**Supplied records**
* * * * * * *

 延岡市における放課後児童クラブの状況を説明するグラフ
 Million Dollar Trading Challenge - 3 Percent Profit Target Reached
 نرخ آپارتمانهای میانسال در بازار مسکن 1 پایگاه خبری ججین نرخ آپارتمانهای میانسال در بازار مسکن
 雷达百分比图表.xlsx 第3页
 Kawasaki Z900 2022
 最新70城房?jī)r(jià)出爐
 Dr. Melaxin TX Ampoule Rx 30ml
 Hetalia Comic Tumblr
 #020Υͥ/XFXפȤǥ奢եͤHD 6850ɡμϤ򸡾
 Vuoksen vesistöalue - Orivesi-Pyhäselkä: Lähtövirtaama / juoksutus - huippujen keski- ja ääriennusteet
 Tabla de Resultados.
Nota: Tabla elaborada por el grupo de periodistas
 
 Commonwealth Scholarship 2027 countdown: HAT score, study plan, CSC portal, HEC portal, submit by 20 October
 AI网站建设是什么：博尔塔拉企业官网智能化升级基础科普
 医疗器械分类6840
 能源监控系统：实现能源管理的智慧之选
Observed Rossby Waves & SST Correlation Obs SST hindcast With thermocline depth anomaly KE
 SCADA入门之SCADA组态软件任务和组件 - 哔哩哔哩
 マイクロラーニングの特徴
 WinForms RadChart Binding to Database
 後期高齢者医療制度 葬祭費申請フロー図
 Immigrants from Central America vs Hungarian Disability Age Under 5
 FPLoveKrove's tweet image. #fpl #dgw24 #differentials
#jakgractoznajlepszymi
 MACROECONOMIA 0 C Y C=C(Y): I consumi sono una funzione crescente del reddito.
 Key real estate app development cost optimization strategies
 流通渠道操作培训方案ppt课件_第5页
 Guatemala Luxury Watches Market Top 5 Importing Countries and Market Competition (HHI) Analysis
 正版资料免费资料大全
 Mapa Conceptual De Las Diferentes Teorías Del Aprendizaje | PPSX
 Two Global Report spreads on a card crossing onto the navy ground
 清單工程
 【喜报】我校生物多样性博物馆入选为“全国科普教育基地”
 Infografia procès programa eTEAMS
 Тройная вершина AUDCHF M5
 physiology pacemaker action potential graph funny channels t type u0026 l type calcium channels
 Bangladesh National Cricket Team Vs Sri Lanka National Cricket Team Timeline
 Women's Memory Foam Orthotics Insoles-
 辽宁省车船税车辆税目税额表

* * * * * * *

**About this task**
Repeat, with no changes, each line from the one with "Tabla de Resultados." to the end of the listing, including both ends and nothing else.

**Task solution**
 Tabla de Resultados.
Nota: Tabla elaborada por el grupo de periodistas
 
 Commonwealth Scholarship 2027 countdown: HAT score, study plan, CSC portal, HEC portal, submit by 20 October
 AI网站建设是什么：博尔塔拉企业官网智能化升级基础科普
 医疗器械分类6840
 能源监控系统：实现能源管理的智慧之选
Observed Rossby Waves & SST Correlation Obs SST hindcast With thermocline depth anomaly KE
 SCADA入门之SCADA组态软件任务和组件 - 哔哩哔哩
 マイクロラーニングの特徴
 WinForms RadChart Binding to Database
 後期高齢者医療制度 葬祭費申請フロー図
 Immigrants from Central America vs Hungarian Disability Age Under 5
 FPLoveKrove's tweet image. #fpl #dgw24 #differentials
#jakgractoznajlepszymi
 MACROECONOMIA 0 C Y C=C(Y): I consumi sono una funzione crescente del reddito.
 Key real estate app development cost optimization strategies
 流通渠道操作培训方案ppt课件_第5页
 Guatemala Luxury Watches Market Top 5 Importing Countries and Market Competition (HHI) Analysis
 正版资料免费资料大全
 Mapa Conceptual De Las Diferentes Teorías Del Aprendizaje | PPSX
 Two Global Report spreads on a card crossing onto the navy ground
 清單工程
 【喜报】我校生物多样性博物馆入选为“全国科普教育基地”
 Infografia procès programa eTEAMS
 Тройная вершина AUDCHF M5
 physiology pacemaker action potential graph funny channels t type u0026 l type calcium channels
 Bangladesh National Cricket Team Vs Sri Lanka National Cricket Team Timeline
 Women's Memory Foam Orthotics Insoles-
 辽宁省车船税车辆税目税额表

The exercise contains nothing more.